▸ YOUR TASK:
From the entries below, write out exactly the lines between the line holding "NEPAL-OCTOBER 09, 2012: Mongolian" and the line holding "Image of Happy", inclusive, excluding any pictures.

▸ DATASET EXCERPTS:
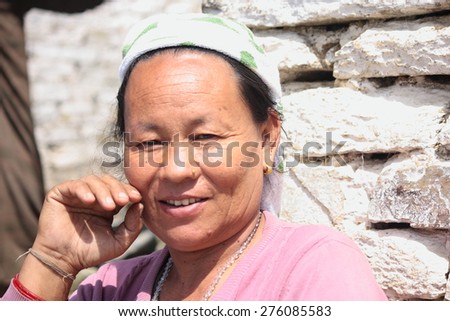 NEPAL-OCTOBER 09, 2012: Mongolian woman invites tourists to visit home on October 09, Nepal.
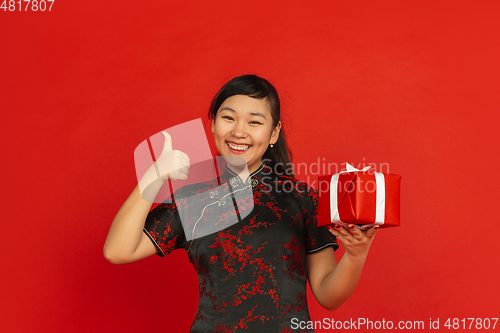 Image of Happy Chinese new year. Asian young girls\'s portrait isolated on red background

==

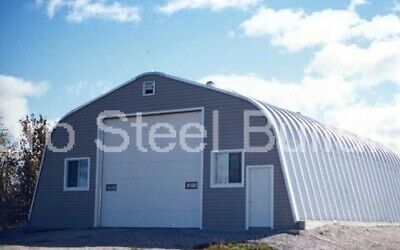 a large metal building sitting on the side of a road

▸ OUTPUT OF THE EXERCISE:
 NEPAL-OCTOBER 09, 2012: Mongolian woman invites tourists to visit home on October 09, Nepal.
 Image of Happy Chinese new year. Asian young girls\'s portrait isolated on red background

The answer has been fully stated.